Importing Data With PowerShell and dbatools

I like to use public datasets for experimentation and presentation demos, especially data that people can easily understand and relate to. For some, keeping them up-to-date was a manual process of downloading files, loading tables, and merging. There are of course many better ways to do this, some of which are more automated than others. I could have simply used PowerShell to call bcp, or even just implemented an insert statement and some loops. Then I found dbatools, which has commands which enable me to do an even better job with far less work – just the way I like it!. Here’s how I now keep my datasets current:

Getting The Data

I’ll be using data from the City of Chicago’s Data Portal. They have a tremendous online resource with lots of public datasets available. One that I really like is their listing of towed vehicles. Any time the city tows or impounds a vehicle, a record gets added here and remains for 90 days. It’s very manageable, with only 10 columns and a few thousand rows. (As an added bonus, you can search for license plates you know and then ask your friends about their experience at the impound lot!)

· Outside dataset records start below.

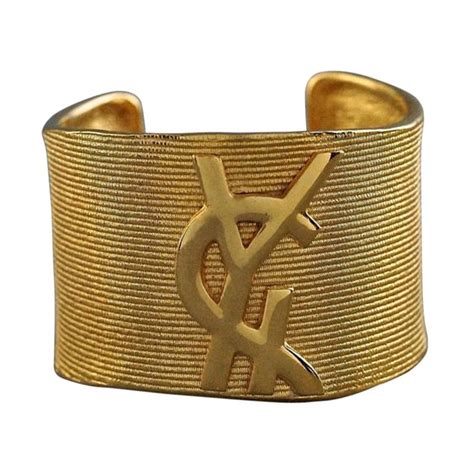 ysl bracelet gold price|ysl bracelet sale.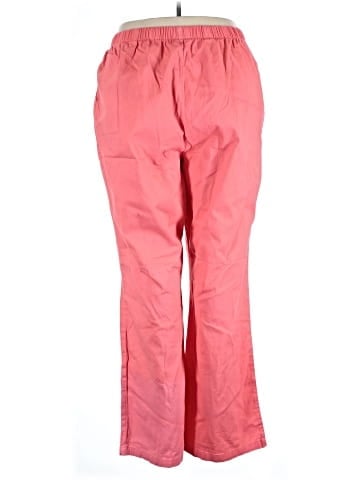 Woman Within Casual Pants (view 2)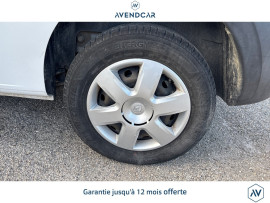 
                                                                                        Utilitaire
                                                                                         KANGOO EXPRESS FOURGON 1.5 DCI 90 ENERGY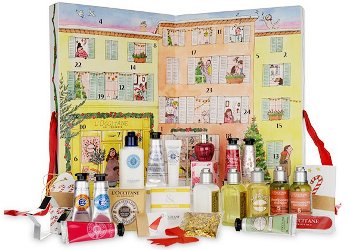 L'Occitane advent calendar 2015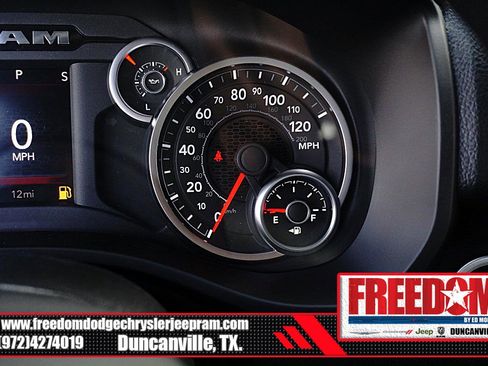 New 2026 RAM 1500 Express image 32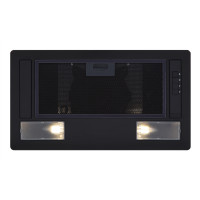 Вбудована кухонна витяжка Elica CT17 C BL/A/52 Чорний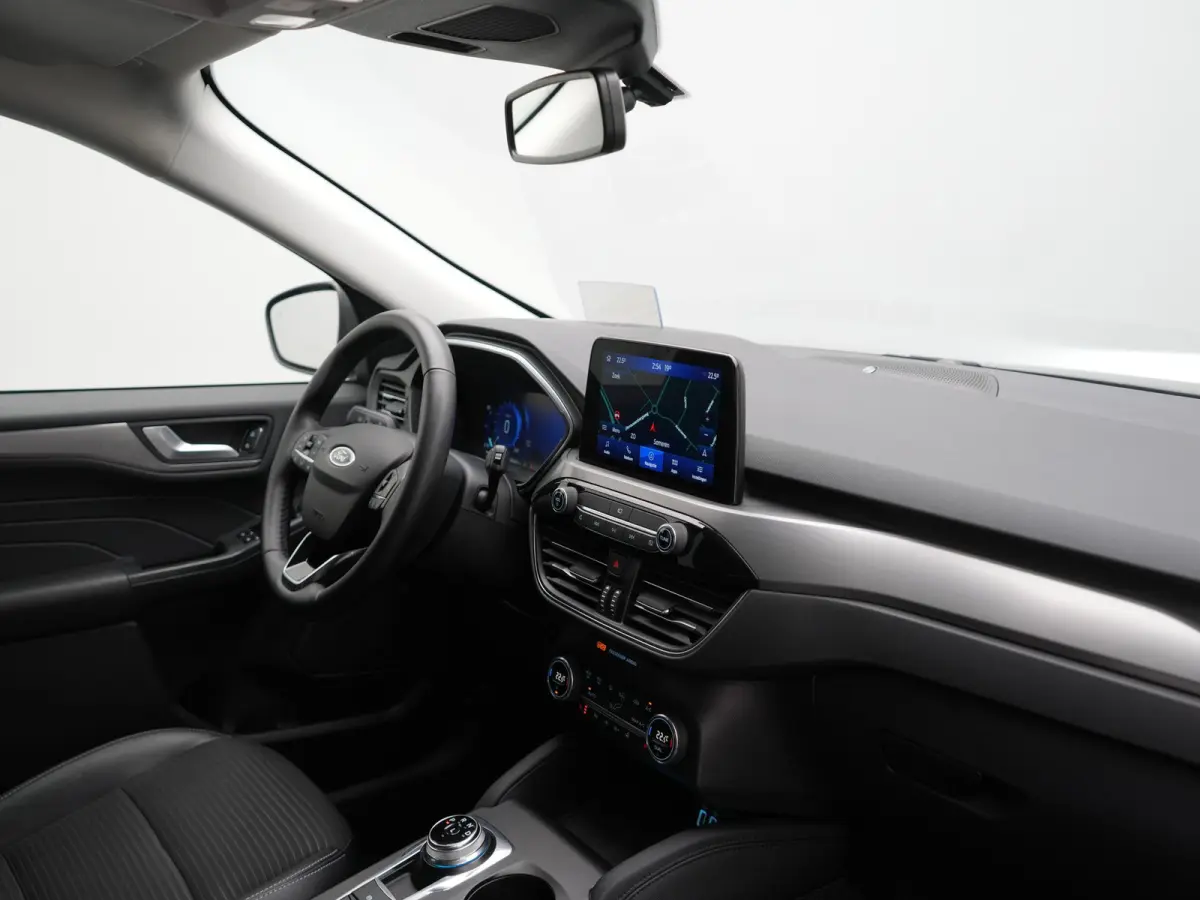 2.5 PHEV Titanium X 225pk Dealer O.H. | SOH 98,4% | Trekhaak Af Fabriek | Adaptive Cruise | Head Up | 360 Camera | Sportstoelen & Stuur Verwarmd | BLIS | Keyless | Apple Carplay | Navigatie 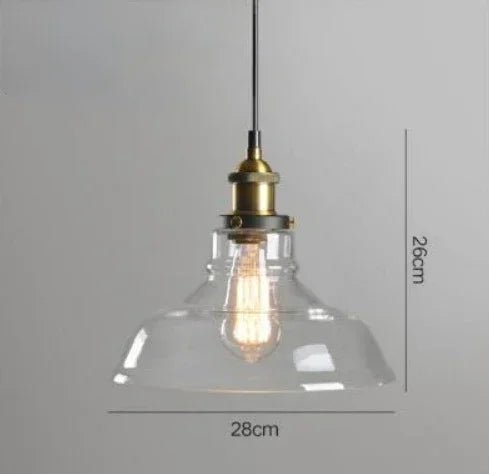 Nordic Loft Modern Pendant Lamp - Casatrail.com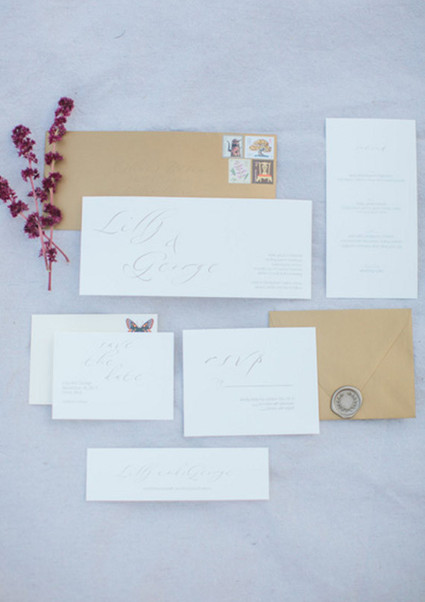 Becca Lea Photography Wedding Inspiration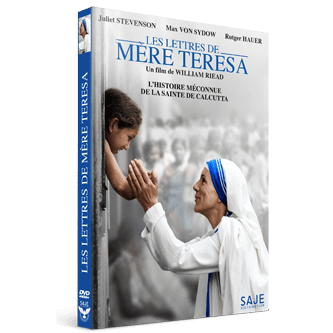 Les lettres de Mère Teresa (DVD)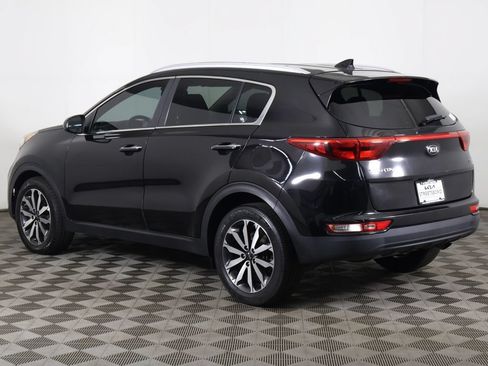Used 2017 Kia Sportage EX FWD image 7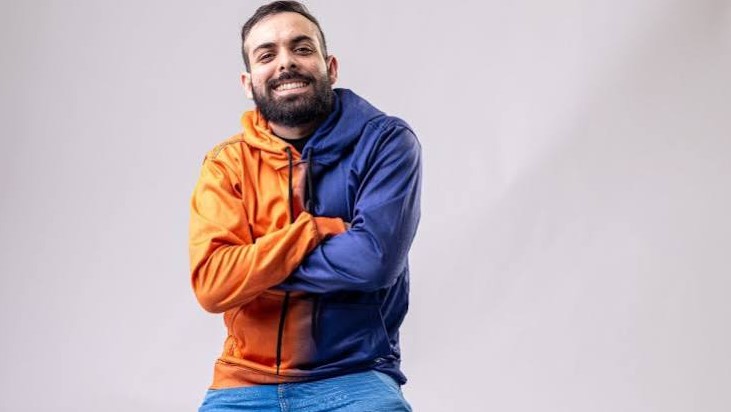 Com mais de 3 milhões de seguidores, Ítalo Sena apresenta novo espetáculo de humor em Belo Horizonte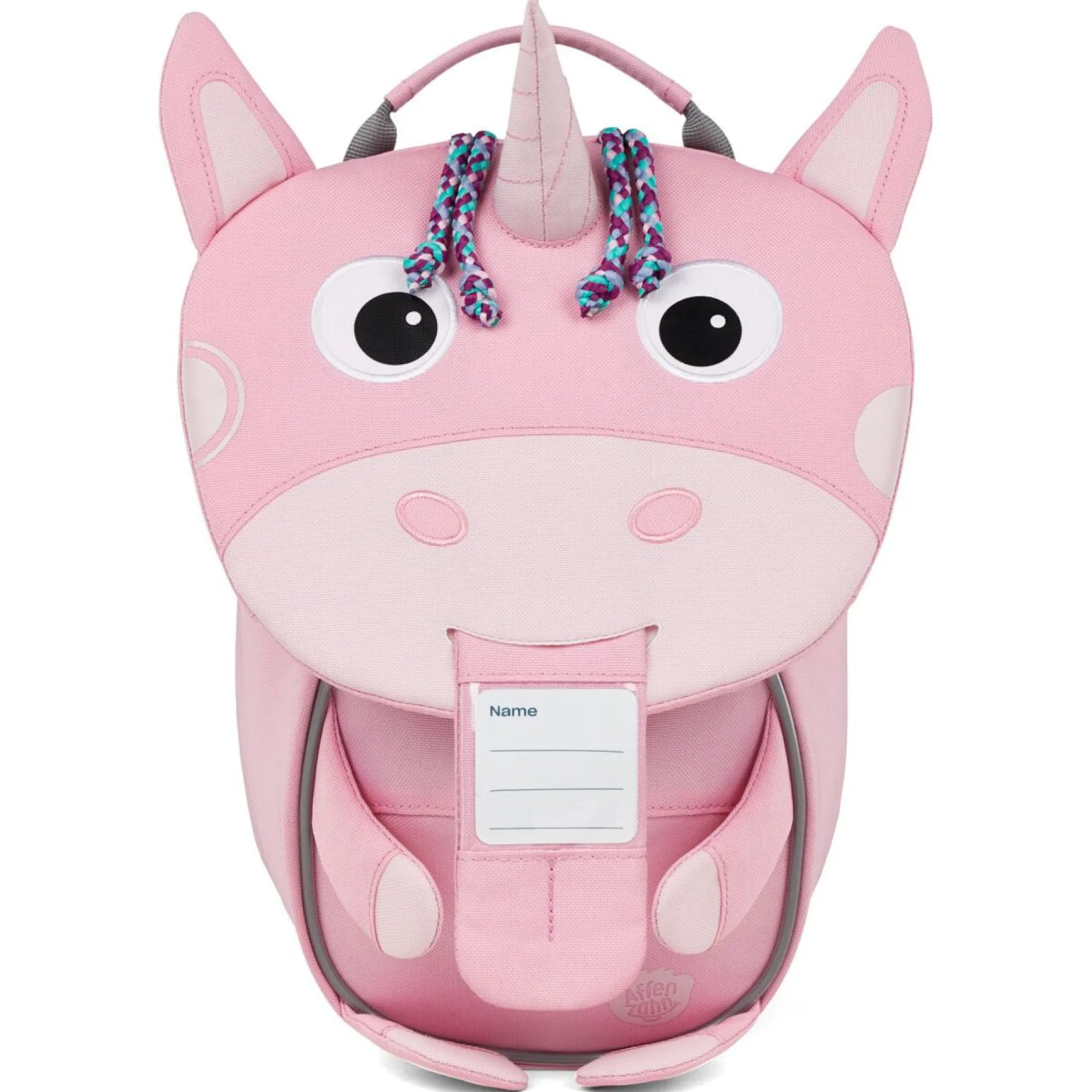 "Kleine Freunde" - Kindergartenrucksack für 1-3 J. (Einhorn)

Chicago’s data portal uses Socrata, which is a very well-documented and easy-to-use tool for exposing data. It has a wonderful API for querying and accessing data, but to keep things simple for this post we’re just going to download a CSV file.

If you’re on the page for a dataset, you can download it by clicking on “Export” on the top right and then selecting “CSV”. To avoid all that, the direct link to download a CSV of this dataset is here. Download it and take a look at what we’ve got using your spreadsheet or text editor of choice (mine is Notepad++).

Loading The Data

We’ve got our data, now let’s load it. I like to load the entire downloaded dataset into a stage table, and then copy new rows I haven’t previously seen into my production table that I query from. Here’s the script to create these tables:

-- CREATE STAGE TABLE

CREATE TABLE [dbo].[TowedVehiclesSTG](

 [TowDate] [date] NOT NULL,

 [Make] [nchar](4) NULL,

 [Style] [nchar](2) NULL,

 [Model] [nchar](4) NULL,

 [Color] [nchar](3) NULL,

 [Plate] [nchar](8) NULL,

 [State] [nchar](2) NULL,

 [TowedToFacility] [nvarchar](75) NULL,

 [FacilityPhone] [nchar](14) NULL,

 [ID] [int] NOT NULL

);

-- CREATE FINAL TABLE

CREATE TABLE [dbo].[TowedVehicles](

 [ID] [int] NOT NULL,

 [TowDate] [date] NOT NULL,

 [Make] [nchar](4) NULL,

 [Style] [nchar](2) NULL,

 [Model] [nchar](4) NULL,

 [Color] [nchar](3) NULL,

 [Plate] [nchar](8) NULL,

 [State] [nchar](2) NULL,

 [TowedToFacility] [nvarchar](75) NULL,

 [FacilityPhone] [nchar](14) NULL,

CONSTRAINT PK_TowedVehicles PRIMARY KEY CLUSTERED (ID)

);

Now for the magic – let’s load some data! The dbatools command that does all the heavy lifting here is called Import-DbaCsvToSql. It loads CSV files into a SQL Server table quickly and easily. As an added bonus, the entire import is within a transaction, so if an error occurs everything gets rolled back. I like to specify my tables and datatypes ahead of time, but if you want to load into a table that doesn’t exist yet, this script will create a table and do its best to guess the appropriate datatype. To use, simply point it at a CSV file and a SQL Server instance, database, and (optionally) a table. It will take care of the rest.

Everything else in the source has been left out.